**Data in this exercise:**
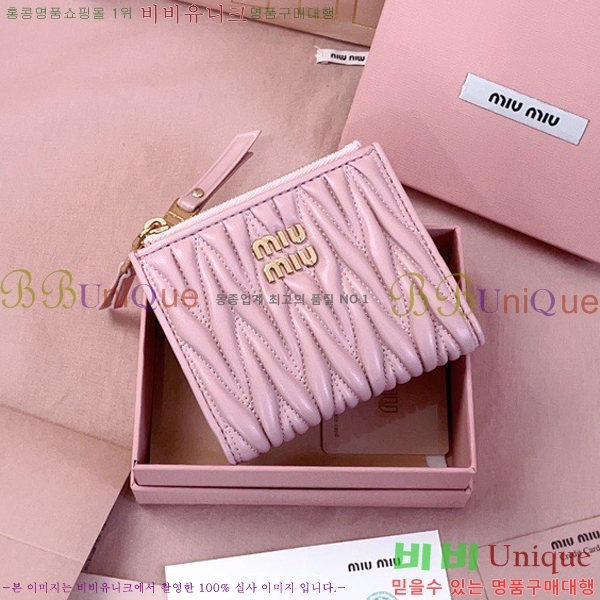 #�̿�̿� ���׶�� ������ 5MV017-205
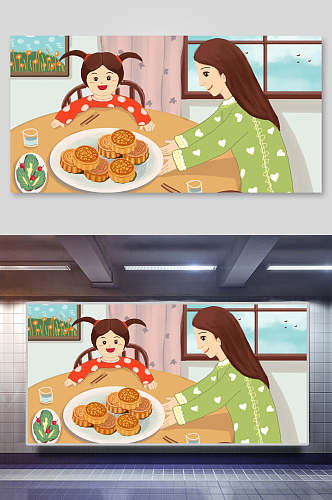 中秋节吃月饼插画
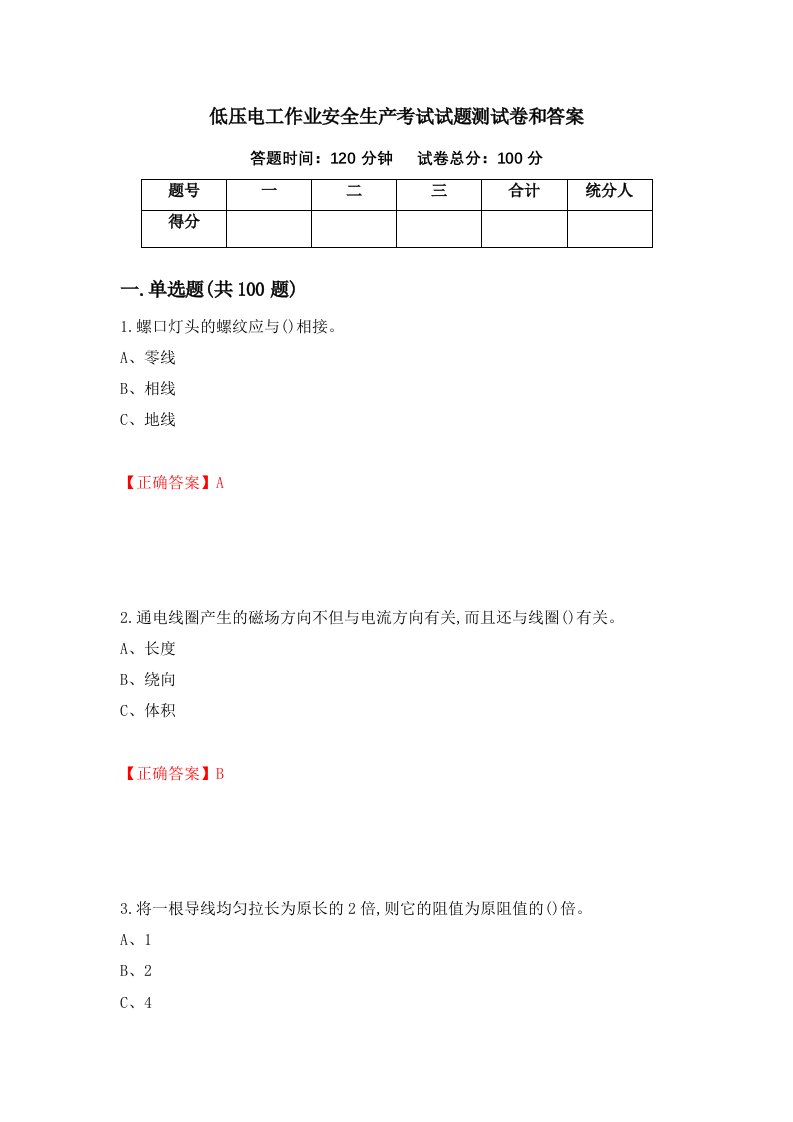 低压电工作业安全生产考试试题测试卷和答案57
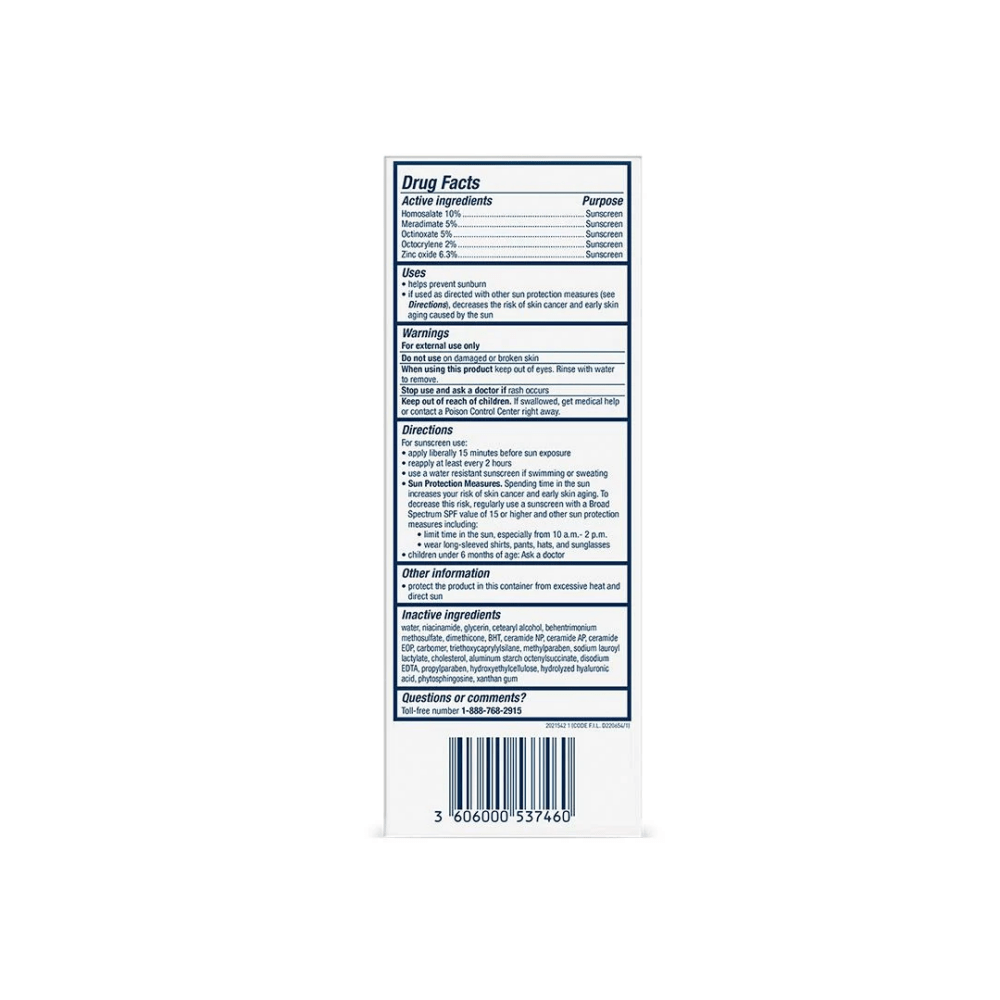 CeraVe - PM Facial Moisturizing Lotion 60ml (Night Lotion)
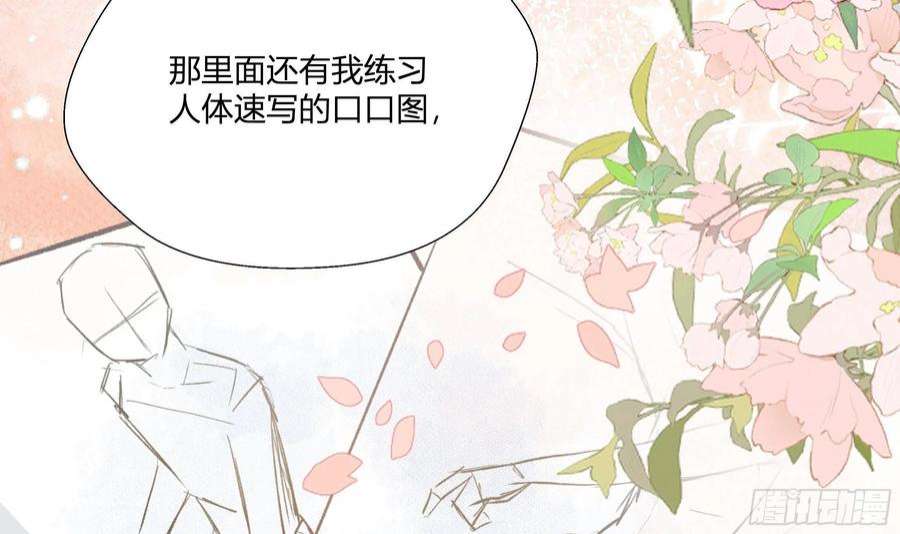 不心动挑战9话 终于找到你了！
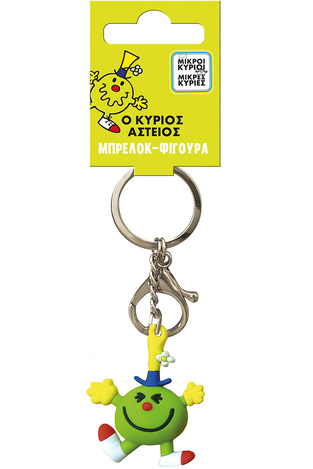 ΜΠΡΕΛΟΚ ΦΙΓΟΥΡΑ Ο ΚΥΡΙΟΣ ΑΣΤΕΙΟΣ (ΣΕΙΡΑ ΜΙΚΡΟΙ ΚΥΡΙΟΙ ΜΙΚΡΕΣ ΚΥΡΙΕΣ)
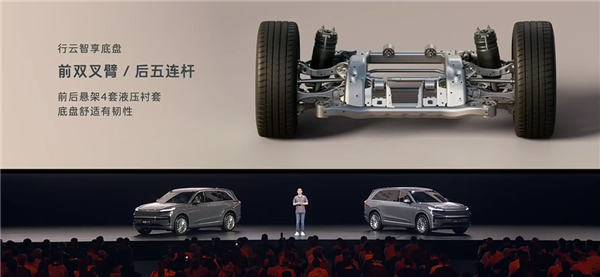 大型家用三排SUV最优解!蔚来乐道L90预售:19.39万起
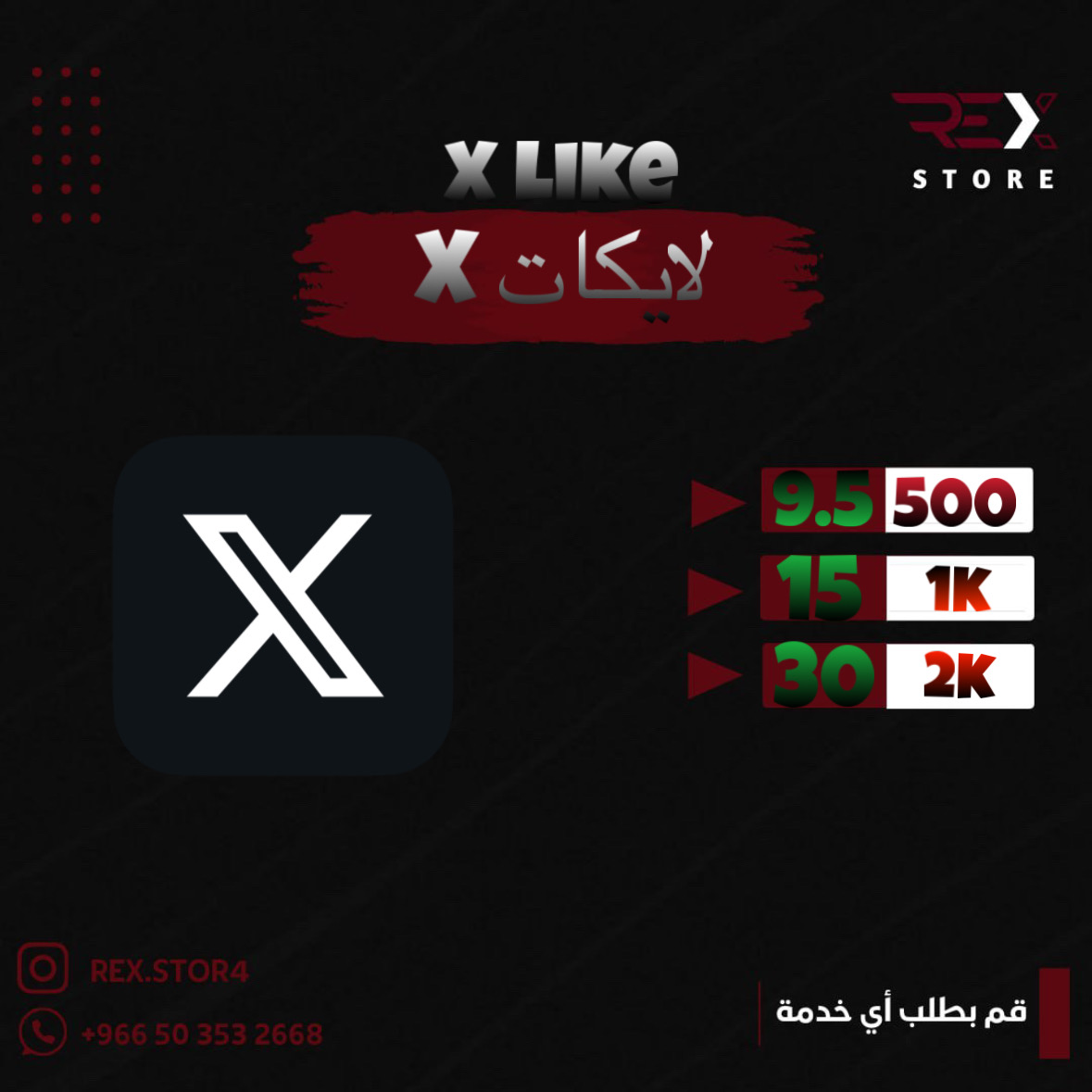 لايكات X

**Task details:**
Look for the line that contains "ΜΠΡΕΛΟΚ ΦΙΓΟΥΡΑ Ο", then please copy it and the rest of the lines through the end of the data, pictures excluded.

**Your response:**
 ΜΠΡΕΛΟΚ ΦΙΓΟΥΡΑ Ο ΚΥΡΙΟΣ ΑΣΤΕΙΟΣ (ΣΕΙΡΑ ΜΙΚΡΟΙ ΚΥΡΙΟΙ ΜΙΚΡΕΣ ΚΥΡΙΕΣ)
 大型家用三排SUV最优解!蔚来乐道L90预售:19.39万起
 لايكات X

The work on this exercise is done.